6. In support of his contentions, learned Senior Counsel appearing on behalf of the petitioners relied on the following decisions rendered by different Courts, viz., Noorul Islam Educational Trust vs. Commissioner of Income Tax-II; Herambh Anandrao Shelke vs. M.L. Karmakar Pr. Commissioner of Income-Tax-22; Achintya Securities Private Limited vs. Union of India3; Kamal Varandmal Galani vs. Principal Commissioner of Income Tax-194; and Shikshana Prasaraka Mandali vs. The Commissioner of Income Tax5.
7. On the other hand, learned Senior Standing Counsel for the Income Tax Department, appearing for the respondents, opposing the petitions, contended that the impugned order, when it is read as a whole, would by itself reveal that the order is strictly in accordance with the provisions of Section 127, and that all the parameters enshrined therein have been met and that there are no violations whatsoever of any provisions of the Act in the course of passing of the transfer order.

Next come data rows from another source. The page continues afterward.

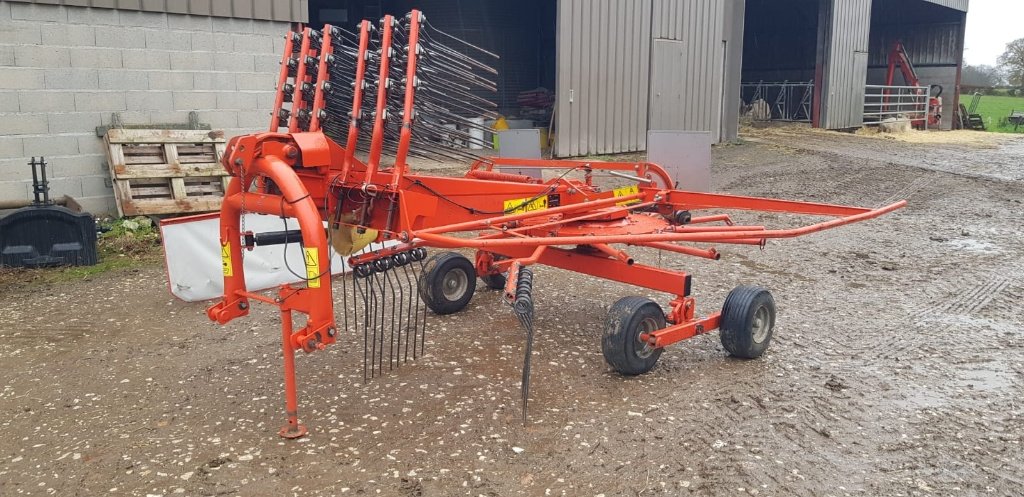 Schwader des Typs Kuhn GA 4521 GM, Gebrauchtmaschine in SAINT LOUP (Bild 2)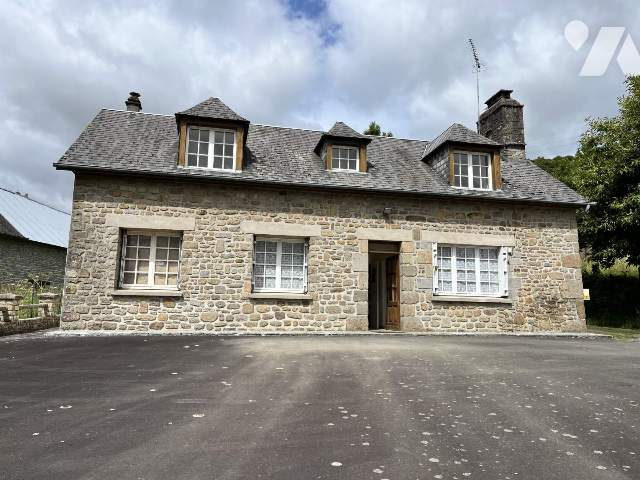 Maison 4 pièces 100 m² · à Isigny-le-Buat · 100 m² · 150 000 €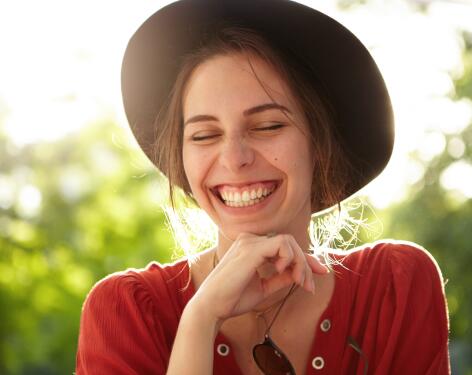 OC_YOUNG_WOMAN_SMILE_HAT_SHUTTERSTOCK_657732979 472*375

Lastly, she contended that the impugned order is one which has been passed in January, 2025 and immediately thereafter the said order was acted upon and the assessing officer to whom the matter stood transferred also has initiated proceedings and has finalized the same and the Assessment Year for one of the years has also been completed vide order dated 27.03.2025; and as such, it would not be proper, legal and justified to interfere with the impugned order of transfer which already stands substantially acted upon by the respondents and to be interdicted at this juncture, and therefore prayed for dismissal of the writ petitions.

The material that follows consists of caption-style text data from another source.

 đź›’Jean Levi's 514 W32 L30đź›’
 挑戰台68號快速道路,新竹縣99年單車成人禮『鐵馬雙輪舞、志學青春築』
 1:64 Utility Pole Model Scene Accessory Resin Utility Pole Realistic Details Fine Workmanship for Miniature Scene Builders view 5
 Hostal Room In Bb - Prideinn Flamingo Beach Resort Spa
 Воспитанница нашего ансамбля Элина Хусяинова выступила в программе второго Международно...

8. Having heard the contentions put forth on either side and on a perusal of the records, particularly taking into consideration the submissions which have been passed on either side, the facts that reveal in the course of hearing are that admittedly the impugned order of transfer is one which was passed on 27.01.2025; admittedly, the said impugned order has also been acted upon and there does not seem to be any strong ground produced before this Court by the petitioners as to why the impugned order of transfer was not promptly challenged by the petitioners if at all they were aggrieved of the proceedings at that point of time. Further, another fact which is revealed is that though the petitioners have filed their formal objection in respect of the transfer being made, they did not pursue it any further and permitted the assessment proceedings to conclude at the transferred place, i.e., Delhi. Another aspect which needs consideration is that the assessment order was passed for one of the years on 27.03.2025 and the said assessment crder has also been challenged by availing the statutory remedy of appeal before the Commissioner of Income Tax (Appeals). The said appeal has also been filed before the jurisdictional appellate authority and the appeal is still pending consideration.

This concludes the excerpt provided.